We strolled and turned…and turned…in the whitewashed maze the size of a football stadium. If Jirik hadn’t turned on lights, I would’ve been hopelessly lost. Terrified, even. The 99 percent humidity and 53 degree temperature are ideal for making blue cheese, but the cold made my teeth chatter minutes after entering the bright, sterile-smelling, Gothic-arched halls lined with pallets of cheese wheels.

The caves have sheltered more than cheese over the years. In the 1850s, they hosted a brewery. After Prohibition, they were home to various businesses, including a furniture maker. In 1936, a Kraft food scientist observed the ability of St. Peter sandstone to absorb ammonia—the cheese smells fresher and tastes cleaner—and opened Treasure Cave, the first blue-cheese plant in the United States.

David J. Turner

Treasure Cave closed in 1993, and a few years later Jirik and Randy Ochs, former employees, bought the site and formed the Faribault Dairy Company. Jirik and Ochs were later joined by Mike Gilbertson and introduced the first Amablu cheese in 2002.

Today, the company’s 18 ½ employees—the half is 82-year-old part-timer Dorothy, a former Treasure Cave supervisor—produce nearly 1 million pounds of cheese a year. The Amablu (aged 75 days), Amablu Gorgonzola (aged 90 days), and St. Pete’s Select (aged five-plus months) wheels, wedges, and crumbles have been awarded a Minnesota State Fair blue ribbon, plus honors from both U.S. and world cheese championships.

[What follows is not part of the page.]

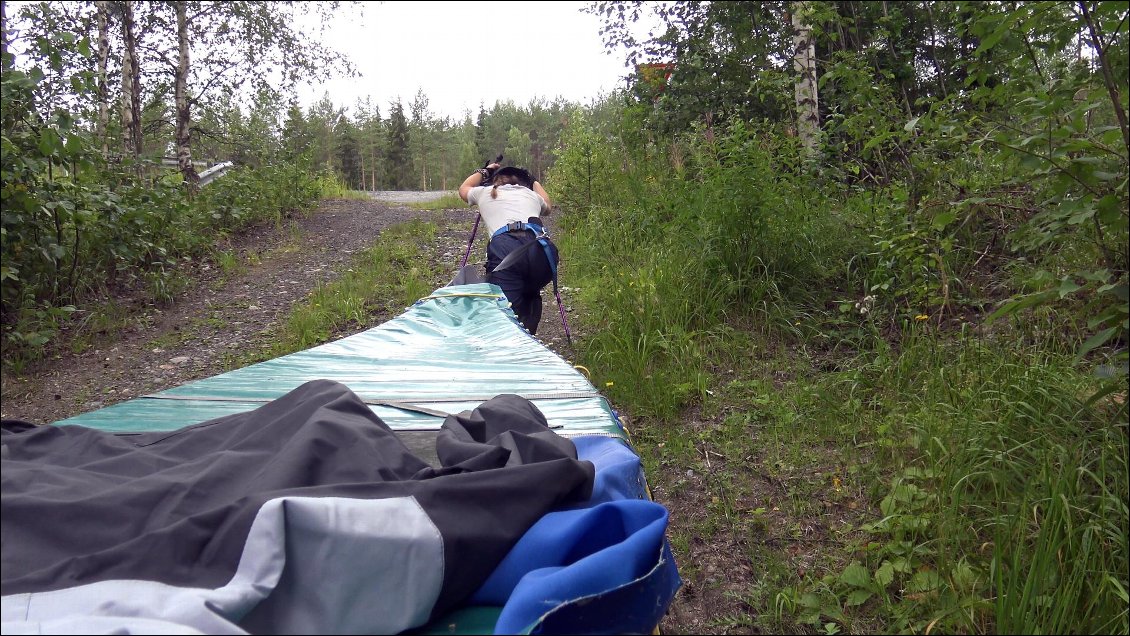 Amélie s’engage dans la montée qui mène sur la nationale et je reste derrière elle pour l’aider à pousser la poupe de son canoë, pendant que je tire le mien, ou plutôt pendant que mon canoë me tire en arrière de tout son poids, bien plus conséquent que celui d’Amélie. Nous gravissons ainsi les trois quart de la côte, puis Amélie bloque, elle n’arrive plus à avancer, le poids de son canoë commence à l’entraîner en arrière, la rendant immobile sur ses jambes, elle se fige complètement penchée vers l’avant en tant que contrepoids.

The Faribault cheeses have been catching on fast, with sales doubling each year. Lunds and Byerly’s, Kowalski’s, Cub Foods, SuperTarget, and Whole Foods, among others, carry them, and they’re also available for purchase at www.faribaultdairy.com. They’re served at the Depot in Faribault and a number of Twin Cities restaurants, including Muffuletta, the Oceanaire Seafood Room, and the Sample Room. Michael MacKay, the Sample Room’s chef, says he uses Amablu and St. Pete’s Select “because of its versatility and quality—I get compliments all the time.”

As we ended our tour of the chilly grotto, Jirik offered me a sample of Amablu. I savored a bit and recalled poet Robert Southey’s words: “Blue, darkly, deeply, beautifully blue.”